Dans nos précédentes parutions, nous avions publié certaines gaffes du directeur des études de l'Institut national des arts (Ina) Oumar Coulibaly dit Barou. Mais ce n'était absolument rien du tout par rapport à d'autres pratiques malsaines du Sieur Coulibaly que nous avons pu découvrir pour vous en faire écho.

Pour préserver son empire financier, le directeur des études de l'Ina serait prêt à tout faire. Nous vous annoncions que pour passer au concours d'entrée à l'Ina sans avoir le niveau requis, il faudrait passer par le directeur des études avec quelque chose dans la poche. Plus précisément, le candidat doit payer 200.000 Fcfa pour être admis au cours. Pour satisfaire ses «clients»,  le directeur des études demande aux candidats de noter la première et la dernière phrase de leur copie d'examen sur des feuilles pour les lui remettre.  A son tour, il remet ces notes aux correcteurs qu'il a lui-même choisis.

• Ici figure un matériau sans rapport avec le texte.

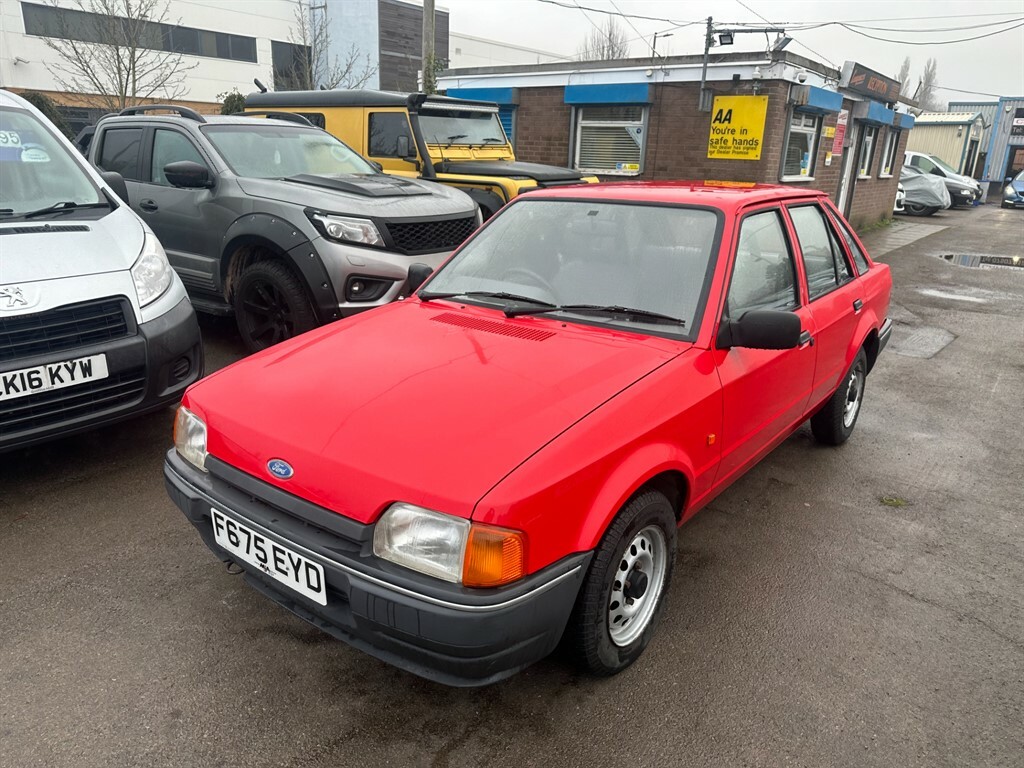 Ford Escort Popular F675EYD Red #3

Nous avons eu d'autres précisions sur ces pratiques. Au lieu de 200.000F, «le trafiquant de concours de l'Ina», demande désormais 750.000F à ses clients. Un prix à discuter. Il faut noter qu'il  fait partie des correcteurs du concours d'entrée à la Fonction publique de l'Ina, en technicien des arts. Pourtant, professeur de psychologie de son état, notre cher Coulibaly n'ayant  aucune notion en animation, a corrigé les épreuves d'animation. Selon nos sources, les deux autres correcteurs qui l'accompagnaient ont corrigé les copies de sculpture, peaux et cuirs. Le hic, c'est que le directeur des études a marginalisé les professeurs titulaires pour la correction. Ce qui pousse ces enseignants à dire qu'ils ne se reconnaissent pas dans ces résultats car ils n'ont ni fourni de sujets, encore moins participé à la correction des épreuves. Ils estiment aussi que ce sont les piètres candidats qui ont été retenus comme ayant réussi avec succès.

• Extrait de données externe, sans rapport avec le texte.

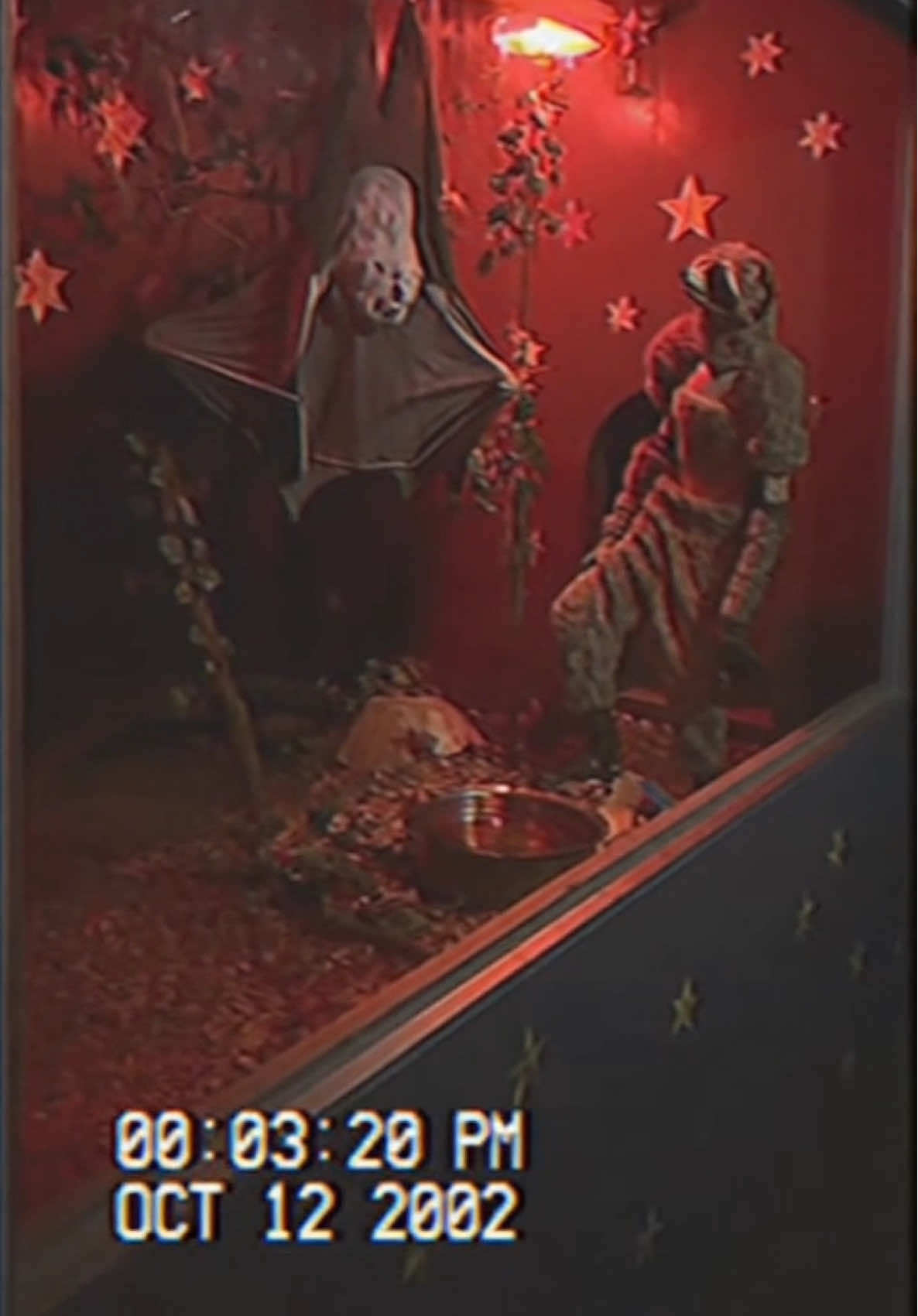 Part 5: Staff described strange behavior inside the arctic and primate exhibits before the zoo shut down in 2002. #zoolife #wtf? #weirdcore #weirdanimals #foundfootage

Qui a corrigé l'épreuve de la Cora ?
La question que tous les enseignants de l'Ina se posent est la suivante : qui a corrigé l'épreuve de la cora. C'est parce qu'aucun professeur de musique titulaire ou vacataire n'a corrigé cette épreuve. Pourtant, une candidate a composé dans cette matière et a même été déclarée admise à l'examen. Ce qui irrite davantage les professeurs de musique. Ils affirment que celle-ci, durant tout son cursus scolaire,  n'a jamais su tenir correctement la cora.
S'agissant des frais de correction du concours d'entrée à l'Ina, certains enseignants de l'Ina soulignent que n'eut été le gonflement de l'état financier, les 63%, soit 6 millions Fcfa environ qui leur ont été versés, pouvaient couvrir  la totalité des frais de correction.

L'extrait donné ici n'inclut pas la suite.